What is needed:
In the material below, repeat only the lines from the one that holds "Evolution du taux" through the final line, exactly as they stand.

Available data:
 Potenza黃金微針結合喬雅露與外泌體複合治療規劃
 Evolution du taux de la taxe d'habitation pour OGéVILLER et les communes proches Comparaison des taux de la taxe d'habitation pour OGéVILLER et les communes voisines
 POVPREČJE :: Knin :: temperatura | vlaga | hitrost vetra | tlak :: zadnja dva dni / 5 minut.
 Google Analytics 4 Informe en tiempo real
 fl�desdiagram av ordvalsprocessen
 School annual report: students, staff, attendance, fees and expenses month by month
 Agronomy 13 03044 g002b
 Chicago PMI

Response area:
 Evolution du taux de la taxe d'habitation pour OGéVILLER et les communes proches Comparaison des taux de la taxe d'habitation pour OGéVILLER et les communes voisines
 POVPREČJE :: Knin :: temperatura | vlaga | hitrost vetra | tlak :: zadnja dva dni / 5 minut.
 Google Analytics 4 Informe en tiempo real
 fl�desdiagram av ordvalsprocessen
 School annual report: students, staff, attendance, fees and expenses month by month
 Agronomy 13 03044 g002b
 Chicago PMI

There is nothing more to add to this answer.